Source: Euronews RSSen2 min read
French prison guards strike over overcrowding as jails near 90,000 inmates

By Matthieu Durand with AFP Published on 27/04/2026 - 13:11 GMT+2 French prison guards blockaded facilities across the country on...

By Matthieu Durand with AFP

Published on 27/04/2026 - 13:11 GMT+2

French prison guards blockaded facilities across the country on Monday, with 14 of 17 prisons in the Hauts-de-France region shut down in protest at chronic overcrowding and staff shortages, in a strike called by the UFAP-UNSA union.

Guards also demonstrated at prisons in Bois-d'Arcy near Paris, Lyon-Corbas and Villeneuve-lès-Maguelone in the south, in some cases preventing prisoner transfers. Guards shut the prison gates in Beauvais, Amiens, Douai and Béthune.

The UFAP-UNSA union is demanding emergency measures to fill an estimated 5,000 vacant guard posts.

The FO union, which represents around 30% of prison staff, did not join the action, saying it came "too early."

France's prisons held 88,419 inmates as of 1 April — nearly 25,000 more than the system's capacity of just under 63,500 places. On 1 March, 87,126 people were held in facilities with fewer than 63,500 places — an occupancy rate of 137.5%.

The prison population is growing by around 200 a week, and UFAP-UNSA's national secretary Wilfried Fonck expects the 90,000 mark to be crossed by September.
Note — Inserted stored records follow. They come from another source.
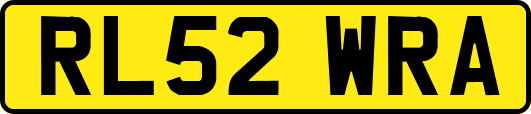 RL52WRA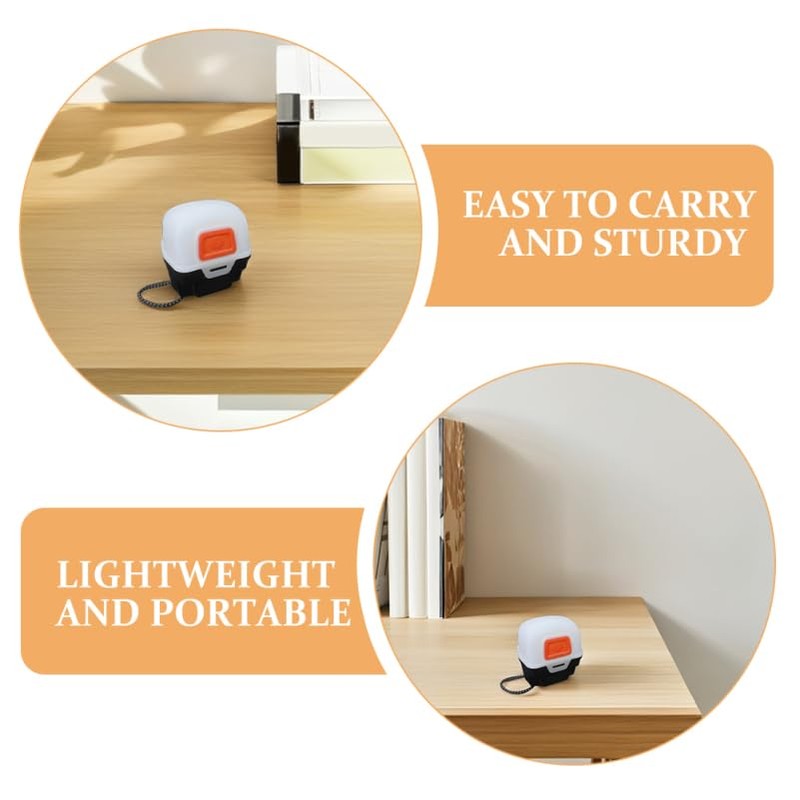 EXCEART EXCEART Headlight Case, Storage Box, Set of 2, Shockproof,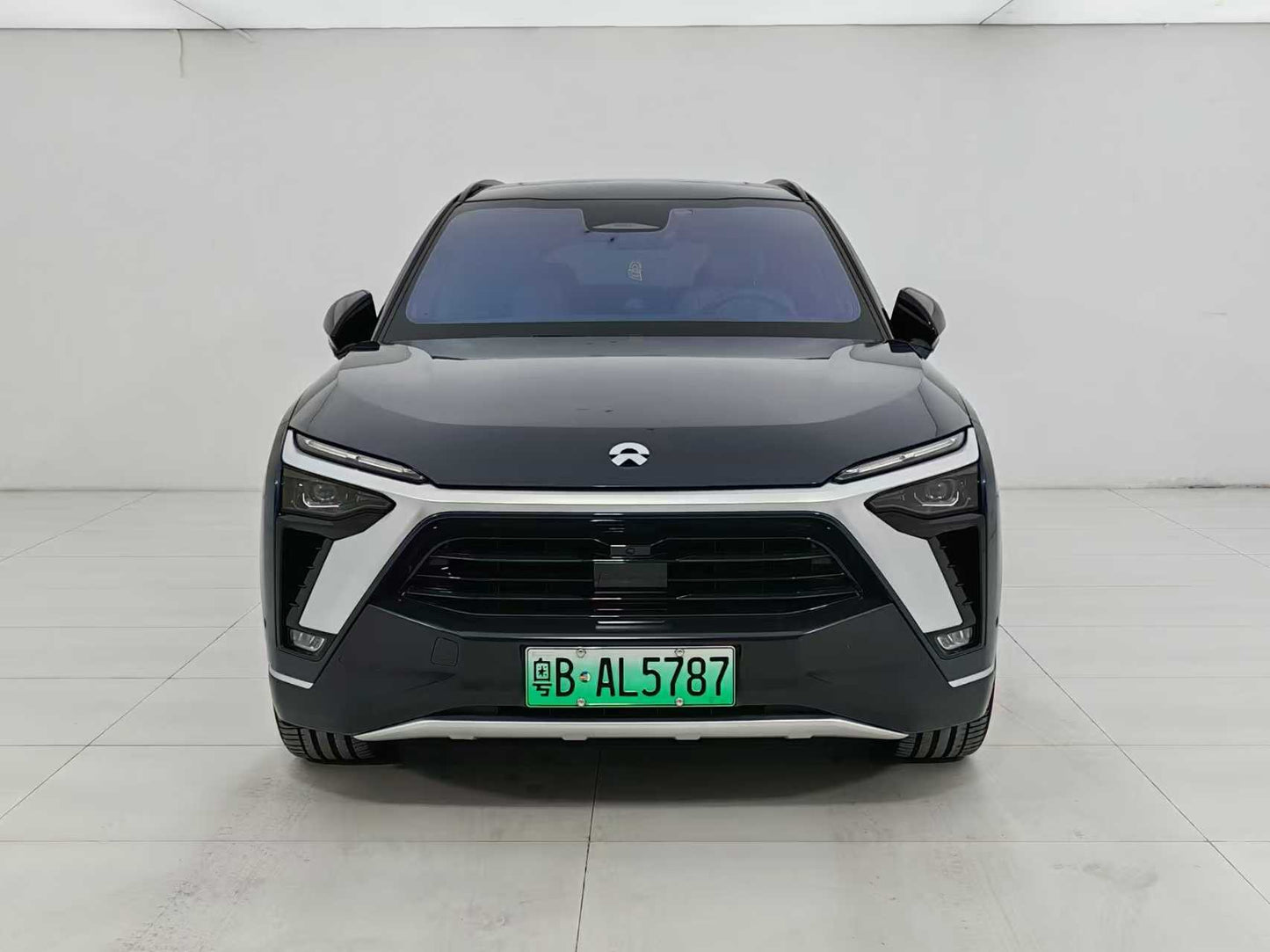 NIO ES8 2020 580KM Signature Edition, Six-Seat Edition, EW, EXW Price: $21014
Only Slovenia and Cyprus record higher occupancy rates in Europe, though both countries have far smaller prison populations. The Council of Europe condemned French prison conditions in January, warning that conditions in French jails had become degrading.
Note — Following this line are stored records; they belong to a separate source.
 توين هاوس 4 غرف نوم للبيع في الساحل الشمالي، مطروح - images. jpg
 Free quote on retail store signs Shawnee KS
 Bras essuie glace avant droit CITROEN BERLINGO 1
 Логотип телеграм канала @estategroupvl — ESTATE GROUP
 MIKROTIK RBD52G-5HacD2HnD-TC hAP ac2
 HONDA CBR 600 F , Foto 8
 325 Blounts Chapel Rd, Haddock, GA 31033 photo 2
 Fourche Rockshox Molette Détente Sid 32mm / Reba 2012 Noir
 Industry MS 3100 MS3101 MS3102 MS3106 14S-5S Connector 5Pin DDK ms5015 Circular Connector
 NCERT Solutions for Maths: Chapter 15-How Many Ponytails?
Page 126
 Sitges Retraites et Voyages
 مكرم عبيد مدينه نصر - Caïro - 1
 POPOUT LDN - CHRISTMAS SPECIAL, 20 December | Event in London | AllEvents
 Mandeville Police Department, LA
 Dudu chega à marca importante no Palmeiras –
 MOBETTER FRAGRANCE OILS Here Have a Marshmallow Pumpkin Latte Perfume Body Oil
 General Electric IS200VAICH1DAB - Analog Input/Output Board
Justice Minister Gérald Darmanin has rejected calls for an automatic population regulation mechanism — under which entries into detention would be matched by releases once a threshold is crossed — favouring instead legally binding capacity targets he describes as "clear numerus clausus objectives."
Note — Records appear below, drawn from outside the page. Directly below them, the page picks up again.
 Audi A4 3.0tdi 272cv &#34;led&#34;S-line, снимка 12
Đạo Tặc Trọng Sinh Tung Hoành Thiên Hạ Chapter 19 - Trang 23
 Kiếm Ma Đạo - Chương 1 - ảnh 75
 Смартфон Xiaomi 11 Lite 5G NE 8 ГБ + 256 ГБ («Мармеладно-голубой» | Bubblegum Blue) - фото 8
The bill known as SURE has already passed the Senate and includes a ban on the use of floor mattresses to house additional inmates. No date has been set for its examination by the National Assembly.

The Ministry of Justice plans to open 3,000 additional places, half of them by 2027, in modular prisons for prisoners on short sentences or approaching release.

A 2018 programme to build 15,000 new places has yielded fewer than a third of that target.

Darmanin has also moved to accelerate the expulsion of foreign nationals from French prisons, claiming a 70% increase in such removals between 2024 and April 2026.

Foreign nationals account for 24% of the prison population, down from 26% when he took office in late 2024.